I walked back outside and crossed the street, getting into my truck and shaking my head all the while. I watched as Sarah walked into another shop before I started my car and pulled away. Driving down the road toward my place, I stopped at the red light at the intersection in front of me. I looked over to my left into the park and stopped, seeing a familiar face. It was the babysitter from the other night when I went to drop the check off to Sarah. How crazy is it that they would be at this park instead of the one right across the street from my old house? It made me a little nervous thinking about approaching her since I wasn’t sure what Sarah had told her, but I couldn’t pass by without stopping.

Quinn was perched on the park bench, looking down at something, and having what appeared to be an animated conversation.
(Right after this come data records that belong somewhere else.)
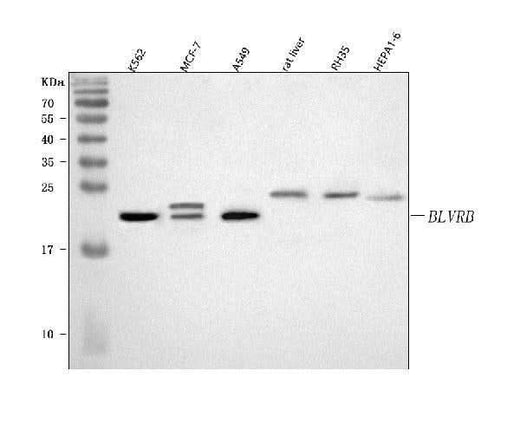 Anti-BLVRB Antibody Picoband® Boster Bio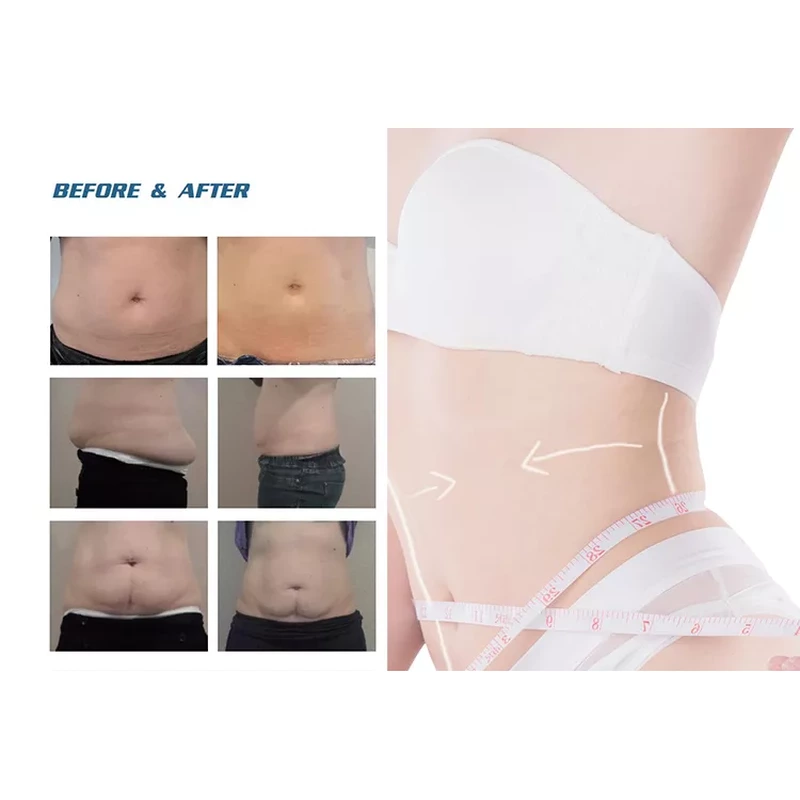 2022 Factory Sale 360 Cryolipolysis Slimming Machine / Fat Freezing Machine Cool Tech Cellulite Reduction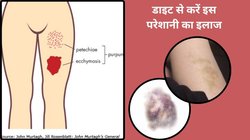 बिना चोट के जांघों और कमर पर नील क्यों पड़ते हैं? जानिए कारण और घर पर करें ये इलाज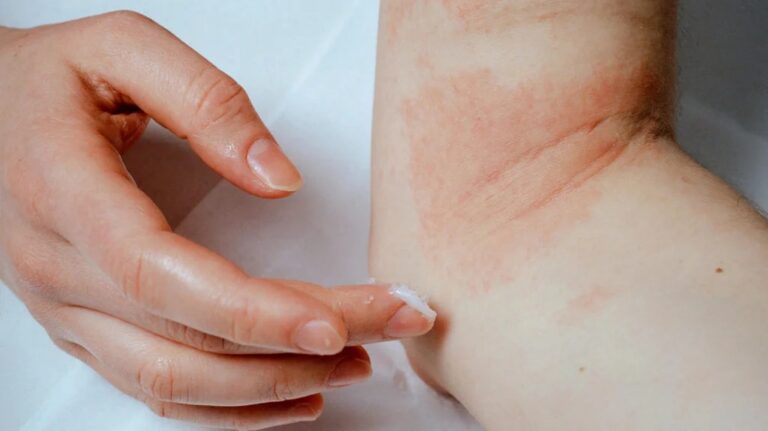 Why Applying the Right Eczema Cream Is Vital when Dealing with Eczema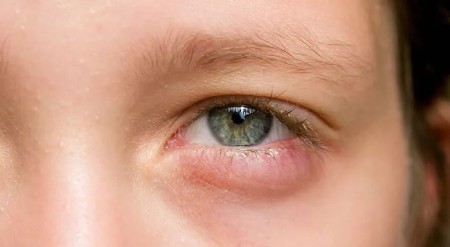 کاهش تورم چشم کودکان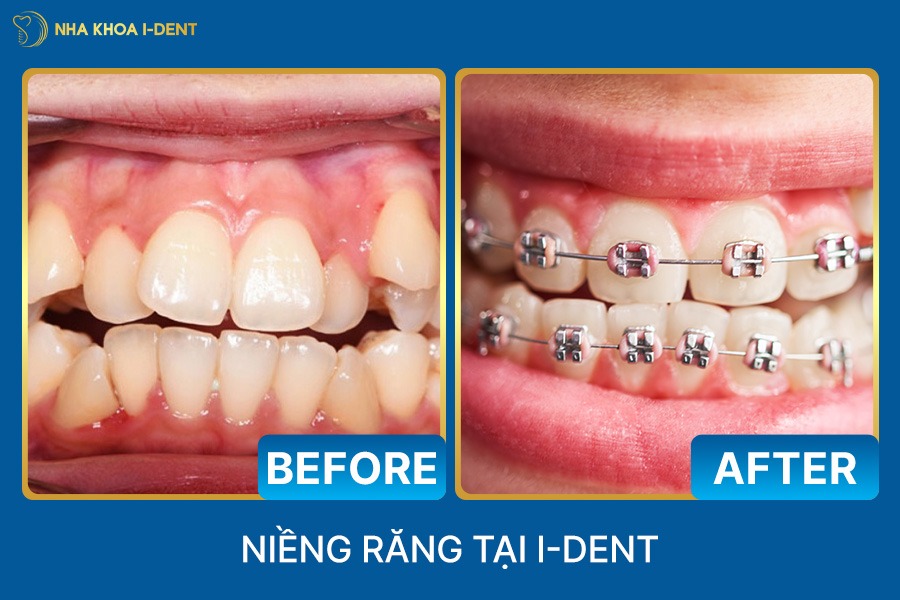 niềng răng cho trẻ 9 tuổi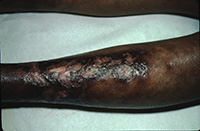 Ulceraration secondary to sarcoidosis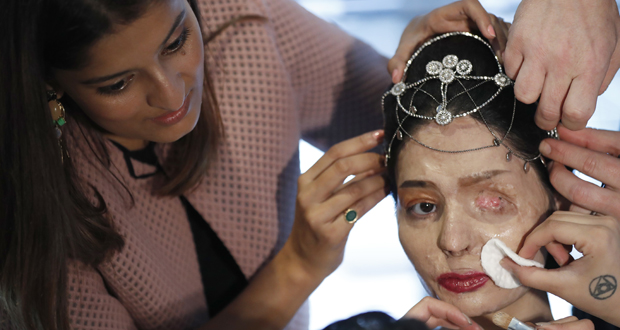 Qurishi is the face of Make Love Not Scars, a group that helps survivors of the gender-based crimes. Photo / AP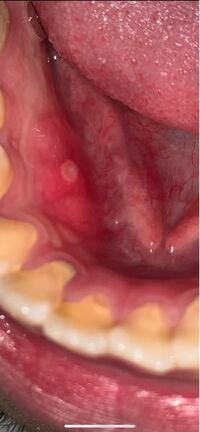口内炎 歯茎 歯根破折（しこんはせつ）とは…膿などの症状・治療法 [歯・口の病気]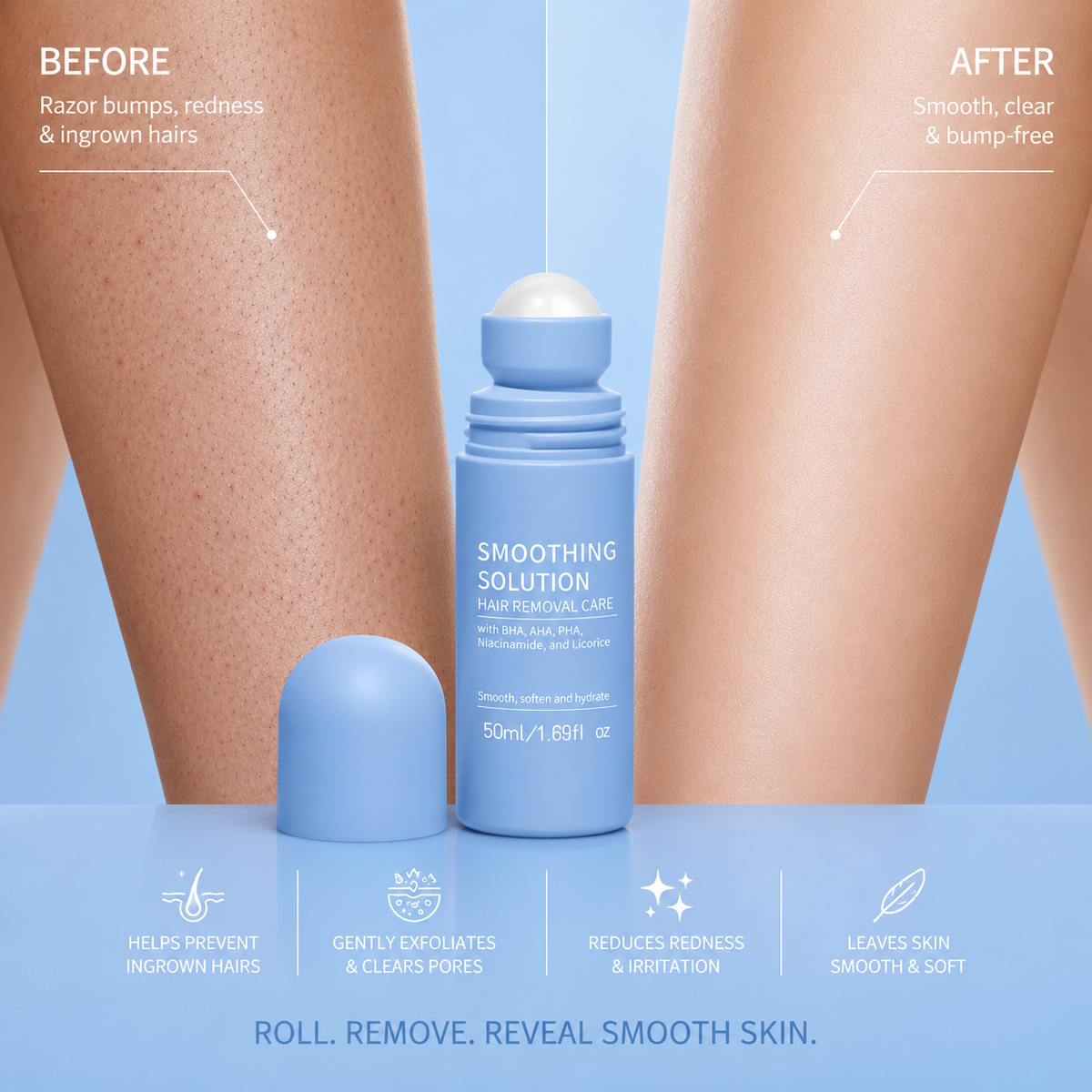 Veloura Ingrown Hair Roller
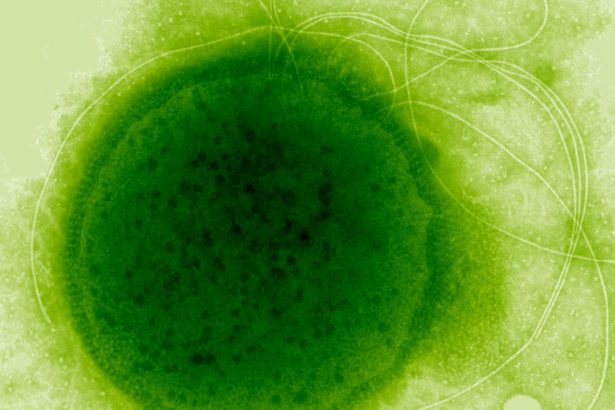 This Extreme Radiation-Resistant Organism Evolved a Remarkable Ability : ScienceAlert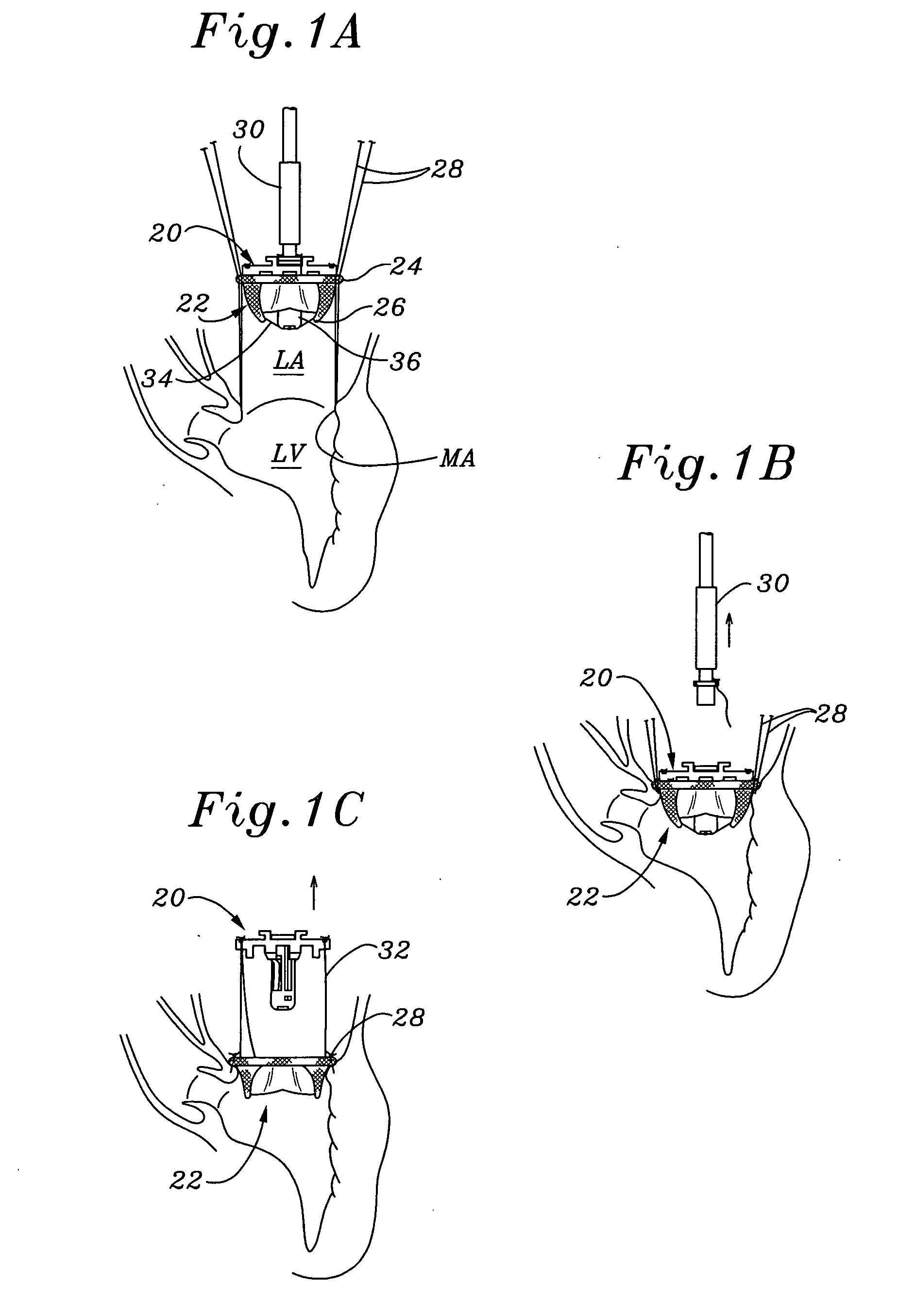 Heart valve holder and method for resisting suture looping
Her pretty hair was blowing gently in the wind around her, and I couldn’t help but notice how attractive she was. Immediately when that thought crossed my mind, I pushed it away, realizing that the last thing I needed to be caught doing was hitting on the woman my ex-wife had hired to care for our son. Still, it was hard not to notice how her body curved down just perfectly and her big round lips pursed naturally. I looked down next to her and saw Jake, figuring he was around there somewhere since he wasn’t with Sarah. He looked a bit worried, and that was upsetting. I realized it was Jake that Quinn was having the conversation with.

I pulled the truck into the parking lot next to the park and put it in neutral, still trying to decide if approaching them was the right thing to do or not. He was my son, so how could I pass by without even stopping to see him? I put the truck in park and turned it off, grabbing my jacket and stepping out into the parking lot. Neither one of them had noticed me yet, but as I grew closer to Jake, I realized this was the perfect opportunity to see him, hug him, and love him without Sarah standing between the two of us, no matter what Quinn did or didn’t believe. Sarah’s wild lies about me seemed so over the top, it was plausible that Quinn could see through them. Either way, I hoped she wouldn’t call and report back to my ex. As I entered the park they moved over to the nearby swings, and to my surprise, Quinn hopped on a swing, while Jake stood by, still looking concerned.

Chapter Eight

Quinn

“So, this is the deal,” I said, looking at Jake’s worried expression. “You are simply going to sit down on the seat, grab onto the chains, and I’ll give you a push. It is that simple. Then, once you are comfortable, you can start pumping your legs.”

“Pumping my legs? That sounds scary,” Jake said, with a horrified look.

“No,” I laughed. “It’s just you folding and unfolding your legs which gives you momentum to go faster and higher. Basically, by doing that, you are able to control how fast and how high you go without anyone having to push you.”

I was desperately trying to convince Jake to try and use the big boy swing. He was getting way too big for the swing with the built-in harness, and I didn’t want him to lose interest in the playground just because of that. The swings were his favorite thing, and frankly, I was pretty shocked that his mother hadn’t shown him the big kid swings a year ago. Either way, it was the perfect time to show him the regular ones so that he could start feeling more comfortable playing without someone right next to him the whole time. All in all, he was a pretty independent kid, but there was something that was holding him back, and I had a sneaking suspicion it had to do with his father. I reached out my hand and walked with him over to the swing set. He stared at it for several seconds and then back at me.

“I’m scared,” he said. “I don’t want to do it. I’ll just play on the slides.”